- submitted by Dahlia on 10-27-2007
(Chicken Curry, Chicken Kulambu, South Indian Chicken Curry, Curry Chicken)
- Chicken -1 lb (1/2 kg)
- Onion - 1 big (cut lengthwise)
- Tomato - 2 (diced or pureed)
- Ginger garlic paste - 1 tsp
- Chicken masala - 1 tbsp
- Salt - to taste
- Oil - 2 tblsp
- Cumin seeds - ¼ tsp
- Coriander leaves - handful (for garnishing)
- Chilly powder - 2 tsp
- Coriander powder - 2 tsp
- Turmeric powder - ¼ tsp
- Ginger Garlic Paste - 1/4 tsp
- Lemon juice - 2 tsp
- Salt - ½ tsp
- Coconut grated - 3 Tblsp
- Shallots (Pearl onions, Sambhar Onions) - 4
- Curry leaves - 6
- Dry red chillies - 3
- Whole Peppercorns - 2 tsp
- Fennel Seeds - 1 tsp
- Whole Garam Masala - 1 cinnamon, 3 cloves, 3 cardamom
- Wash and cut chicken in small size pieces.

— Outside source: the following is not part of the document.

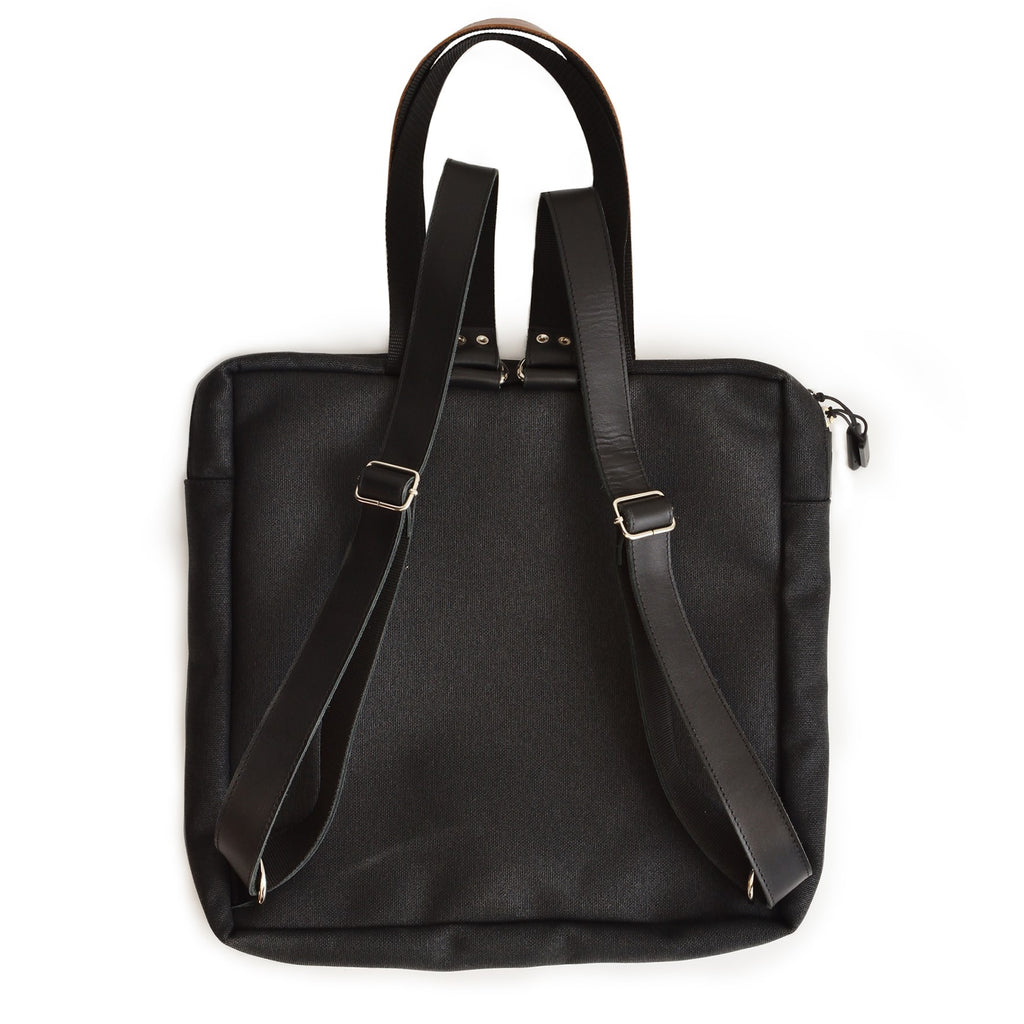 playful purple and black stockholm backpack with leather accents, shown in warm natural light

- Take a deep bowl mix chilly powder, coriander powder, turmeric powder, salt, garam masala, ginger garlic paste, lemon juice and make a paste.
- Add chicken pieces to this and rub to coat the masala to all sides of chicken. Let this marinate for at least half an hour in the refrigerator.

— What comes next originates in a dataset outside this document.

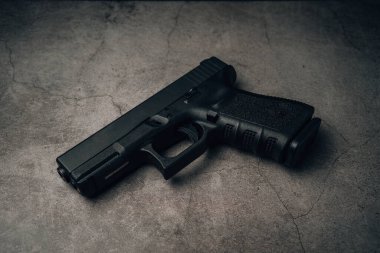 black 9mm pistol on an old concrete floor. top view.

- Now heat oil in a kadai or deep sauce pan and fry the ingredients under 'To Grind' on medium flame for about 1 minute or until it turns brown and gives out a nice aroma.
- After it cools grind it into a fine paste with little water. (If you are in a hurry, You can grind these without frying.)
- Now take the same kadai, heat some oil, add cumin seeds and curry leaves and let it splutter.
- Add onions and fry for few minutes till it browns.
- Next add the ginger-garlic paste and saute until the raw smell vanishes.
- Now add the tomato paste and saute until everything becomes a paste.
- Add the coconut paste, required salt and chicken masala.
- Now add the marinated chicken and fry it for 2 minutes.
- Add required quantity of water.
- Cover and cook for 15 minutes until the chicken is thoroughly cooked. Simmer for few minutes till oil floats on top.
- Garnish with coriander leaves and split chillies.